Yes it is dangerous. Don't ever forget it.
When the torches are cold you can grab the burning end and drop it without harm. When they are hot you will get a blister at least. Don't juggle close to cloth. Don't juggle close to other people. Certainly juggle well away from your fuel store. Keep a fire blanket on hand and preferably an extinguisher if you think other things may go up. Keep a sensible first aid kit (lint-free bandage, water is a minimum).
If you get a burn, wash it gently and put a loose bandage over it to keep it clean. When you get into the light check it over, pick any bits out, clean it more carefully and bandage it without getting anything like cotton wool near it. Antiseptic is not necessary usually---burns just need to be kept clean. If you want to use antiseptic do but remember it also tends to kill your skin cells so it doesn't help the healing, just the cleanliness). If someone gets fuel in the eye or a burn near the eye (or other sensitive place) get medical assistance. Burns should be held under cold water (preferably running; if still, swirl the water or the burnt area) for at least 3-5 minutes. Burns go deep quickly and the heat has to be drawn out slowly. It really takes a good long time to cool a burnt area.
Do not use on people! The powder can cause breathing problems and is bad on the eyes.
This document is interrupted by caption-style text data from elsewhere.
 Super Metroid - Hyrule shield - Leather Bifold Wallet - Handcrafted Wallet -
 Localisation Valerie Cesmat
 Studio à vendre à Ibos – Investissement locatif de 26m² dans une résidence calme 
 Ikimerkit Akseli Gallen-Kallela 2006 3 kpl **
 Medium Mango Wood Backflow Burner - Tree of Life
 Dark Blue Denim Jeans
Never point near someone's face (actually, avoid anywhere from the waist up, because the powder can spread pretty far) -- use a blanket or large thick towel to smother the flames on your body (or throwing partner).
I always have two volunteers, one to hold the blanket and one for the extinguisher. Brief them and have them repeat your instructions. Make sure the extinguisher holder understands that they are there only to prevent burning of grass/theater/equipment.